Short text fragments from websites
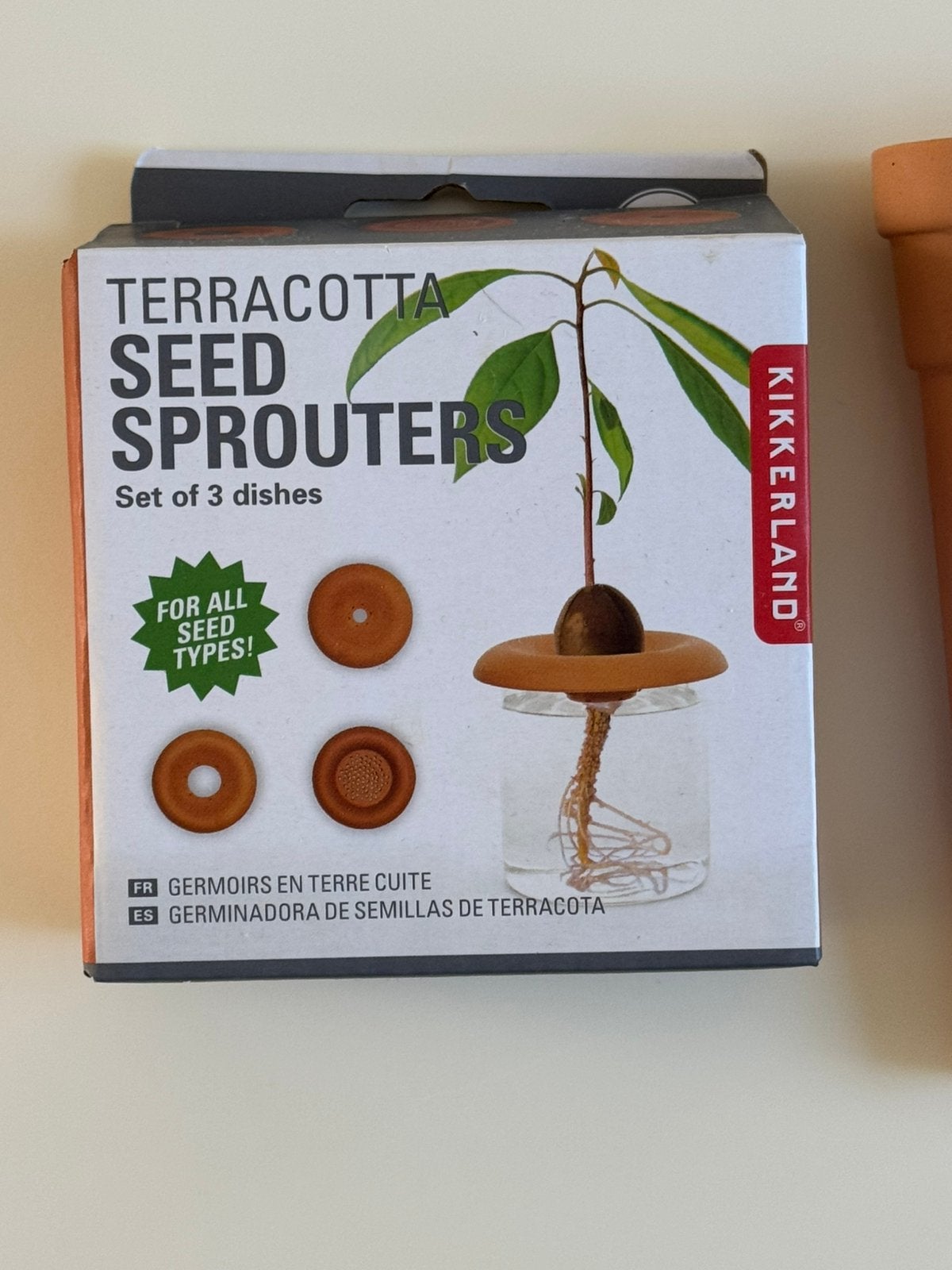 Kikkerland terracotta seed sprouters - kiemschaaltjes, Ophalen of Verzenden, Nieuw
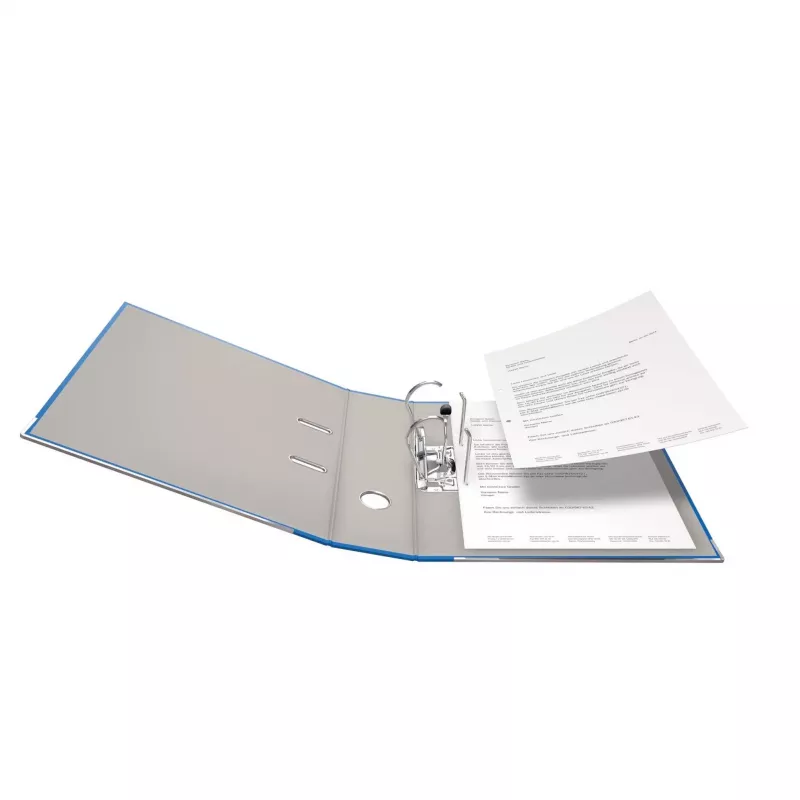 FALKEN Color Ordner DIN A4, 8 cm, Kunststoff, aqua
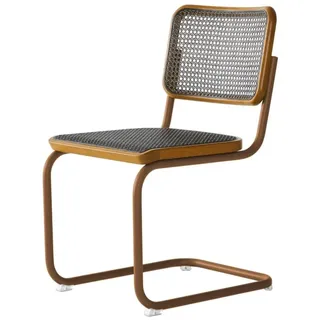 THONET S 32 V Freischwinger Edition Herkner Amber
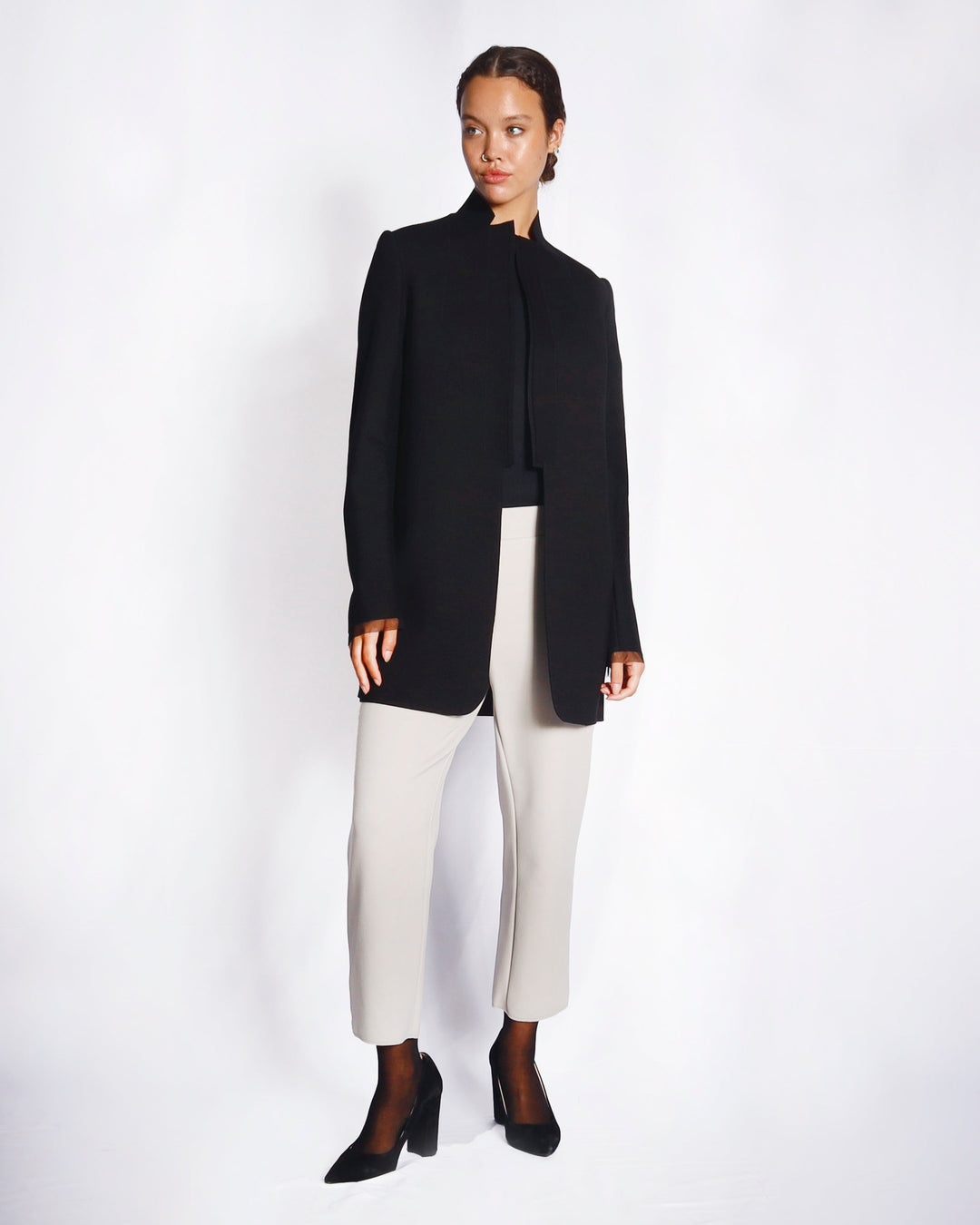 Jacket TOMMA | Black | Maison Marie Saint Pierre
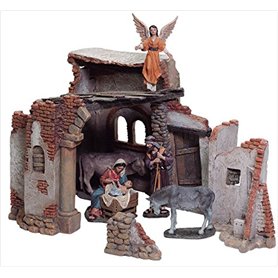 Triciclo Editores - Figurine de crèche de Noël | Série 11 cm | Peint à la Main | Résine avec Poudre d'albâtre | Reproduction de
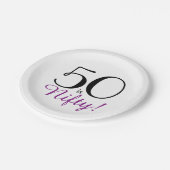 50はニフティ!50thバースデーパーティー紙プレート ペーパープレート (アングル)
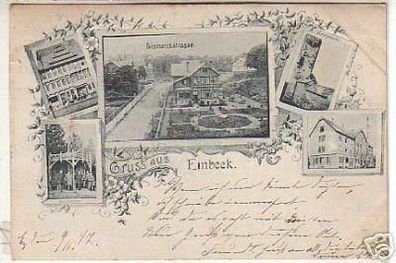 02577 Ak Gruss aus Einbeck Bismarckstrasse usw. 1897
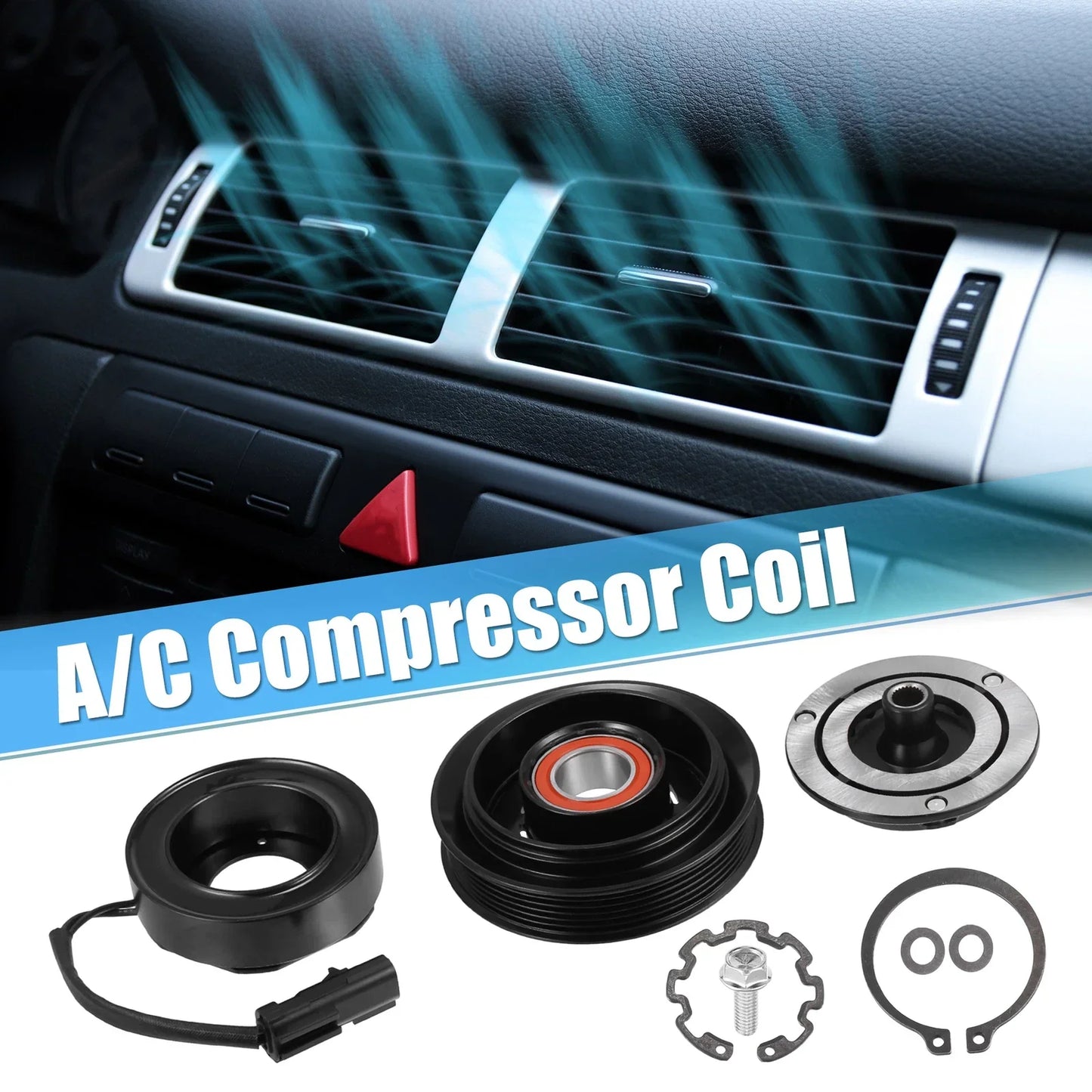 AC Compressor Clutch Kit for Dodge Ram 1500 3.7L 4.7L (2002-2010)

## Task directions
Once the line holding "02577 Ak Gruss" is found, set down that line and every line after it, exactly, through the last line of the records above, omitting pictures.

## Result for this task
 02577 Ak Gruss aus Einbeck Bismarckstrasse usw. 1897
 AC Compressor Clutch Kit for Dodge Ram 1500 3.7L 4.7L (2002-2010)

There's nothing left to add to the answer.